Historian Brings New Life to Atlanta Civil War Author

After 20 years of sporadic research interrupted by teaching and administrative duties, Tom Dyer has illuminated a portion of Atlanta's history that had been "enshrouded in Lost Cause mythology."

Secret Yankees: The Union Circle in Confederate Atlanta had its start when Dyer, University Professor and interim associate vice president for academic affairs, set out to identify the author of a diary fragment purchased in 1976 by the University Libraries. Written by a woman, the diary details the lives of Unionists cautiously living in Atlanta during the months leading up to the decisive Battle of Atlanta in the summer of 1864. Johns Hopkins University Press will publish Dyer's book this spring; it will be a featured selection of the History Book Club.

In addition to identifying Cyrena Bailey Stone, originally of Vermont, as the diary's author, Dyer has methodically traced her life and that of her husband, Amherst, and of their acquaintances who lived amongst the enemy.

"These people have been systematically excluded from Atlanta's history and enshrouded by the Lost Cause mythology," Dyer says. "They don't fit. Popular understanding doesn't allow for dissent."

The Unionists were obliged to keep their sentiments under wraps as they went about their lives, and Cyrena Stone concealed their identities in her diary, referring to herself as Miss Abby. The sole clue to her identity was the only non-Georgia place name mentioned in the 80-page diary fragment--the battlefield at Ticonderoga.

Using an assortment of records--including court and census records, tax digests, slave censuses and newspaper accounts--Dyer paints a dramatic picture of the lives of the Stones and the small but significant minority of fellow Unionists living in Confederate Atlanta.

"To Tom's credit, it's not just identifying her and her husband, it's reconstructing this entire Unionist community in Atlanta," says John Inscoe, history professor and editor of the Georgia Historical Quarterly, which published an earlier article by Dyer on the research. "In many ways, it's a community study of a completely lost community."

Secret Yankees places Dyer on the cusp of trends in Civil War history, focusing on Unionists in the South. Dyer also has an essay on Unionists in a collection being edited by Inscoe.

"I grew up in a family with a terrific emphasis on history. My father's family was Confederate, and my mother's was Union. We had a lot of interesting family discussions," Dyer says. "I'm interested in people whose views are askew from the dominant majority."

Her fervent patriotism in a city Dyer thought to be resolutely Confederate sparked his fascination with "Miss Abby."

"I didn't see how someone could have survived in that climate. At that time, my view of Confederate Atlanta was derived from celluloid and fiction," Dyer says. "The idea that there was a significant Union minority was new to me and that really interested me. I found that some of the wealthiest, some of the most powerful people in Atlanta were Unionists."

Beyond the intriguing story, the book examines the nature of loyalty.

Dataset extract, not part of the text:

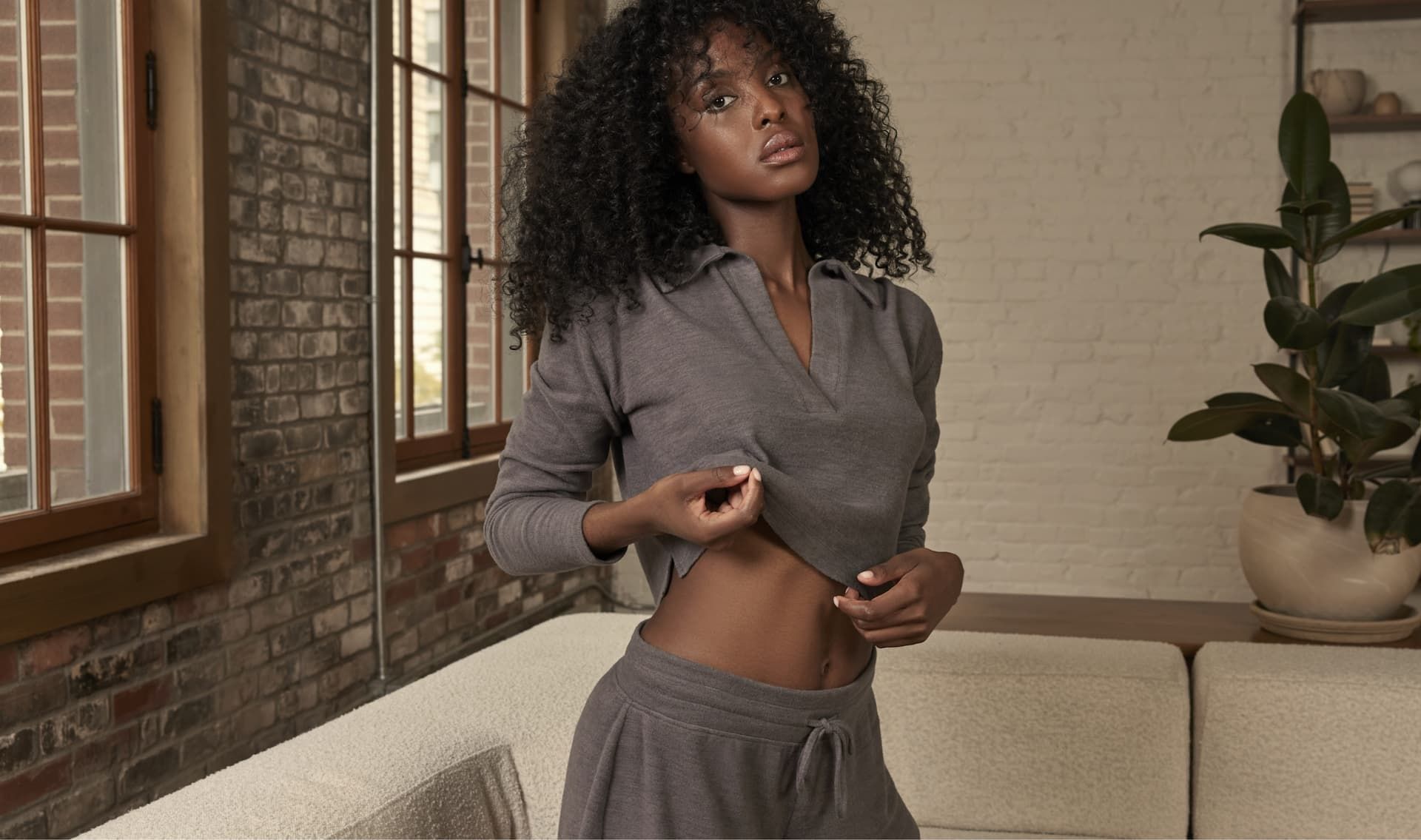 A model wears a grey long sleeve lounge collared shirt with matching grey lounge shorts.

"It's a story, first and foremost, but it's also about loyalty and what loyalty is, particularly in times of profound human stress," Dyer says.

"That is one thing Tom does well with this book: he spent a lot of time thinking about the nature of loyalty and patriotism--what it means to be a nation and what it means when a nation is jerked out from under you," Inscoe says. "That's what a good historian does. He takes a good story and makes it meaningful, interprets it and speaks to bigger issues."

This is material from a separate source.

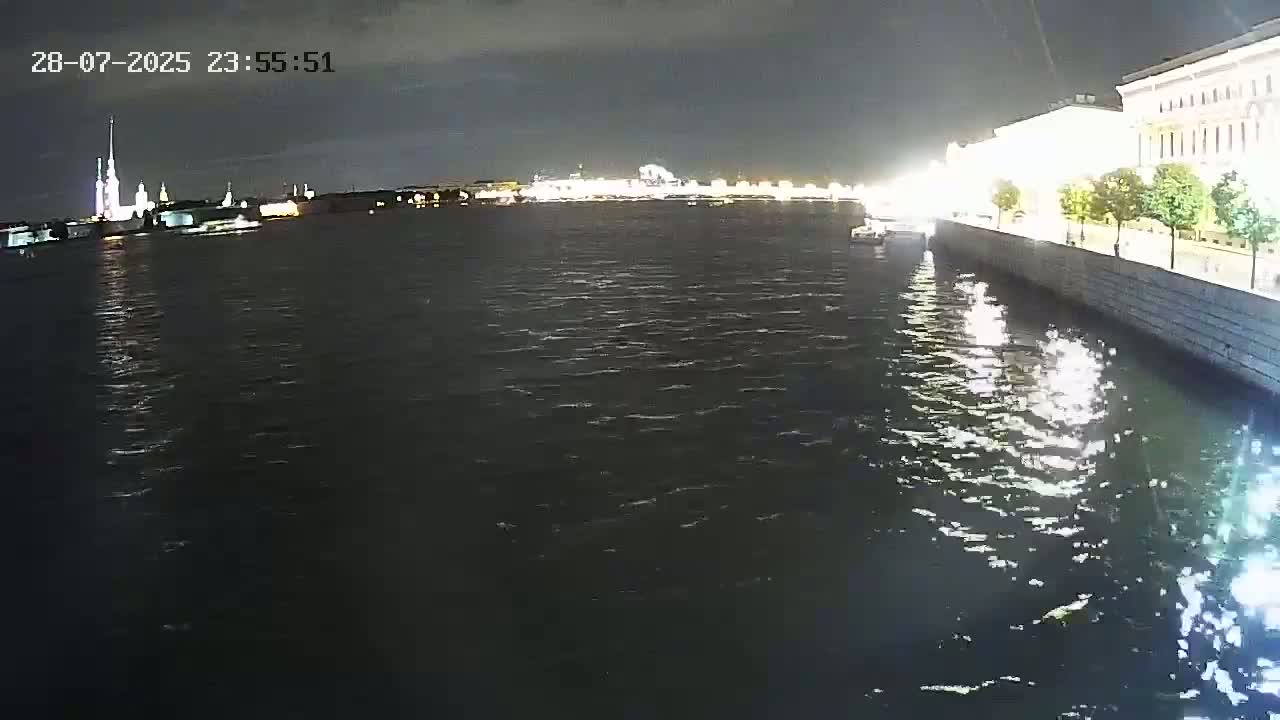 A nighttime view of a dark body of water with city lights reflecting on its surface, showing a cityscape with buildings along the waterfront under a dark sky.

F.N. Boney, history professor emeritus at UGA and a scholar of the Confederacy, calls Dyer's work "a first-rate study. "It is fascinating on two levels," Boney says. "Cyrena and Amherst Stone are complex, real-life characters caught in the chaos of Atlanta."

Dyer's detective work has revealed some engrossing characters among the Unionists--including a widowed seamstress who helped a Union spy move in and out of the city by furnishing him with dresses and gray jeans.

"There were spies coming in and out of Atlanta that no one knew about before. I've been able to identify some of them," Dyer says. "Confederates have been portrayed as paranoid about there being spies in their midst. The paranoia was justified."

"Anytime a researcher identifies the unknown writer of a diary or letter we are delighted, because it opens up other doors leading to complete knowledge of a historic event or person," says Mary Ellen Brooks, head of the Hargrett Rare Book and Manuscript Library. "Miss Abby's unique perspective--being an outsider--makes her observations take on a more objective tone."

In tracking down Miss Abby's identity, Dyer learned of a novel about the Battle of Atlanta written by Stone's half-sister. When he located the novel, he quickly realized it was based on the life of Cyrena Stone and included large chunks of the diary.

"I've made an extensive effort over several years to locate the complete diary, but I have not been able to find it," Dyer says. "Nevertheless, by careful analysis of the texts of both novel and diary and the use of many other documentary sources, I have been able to judge where fiction ceases, fact ensues, and a heretofore invisible segment of life in Civil War Atlanta comes to light."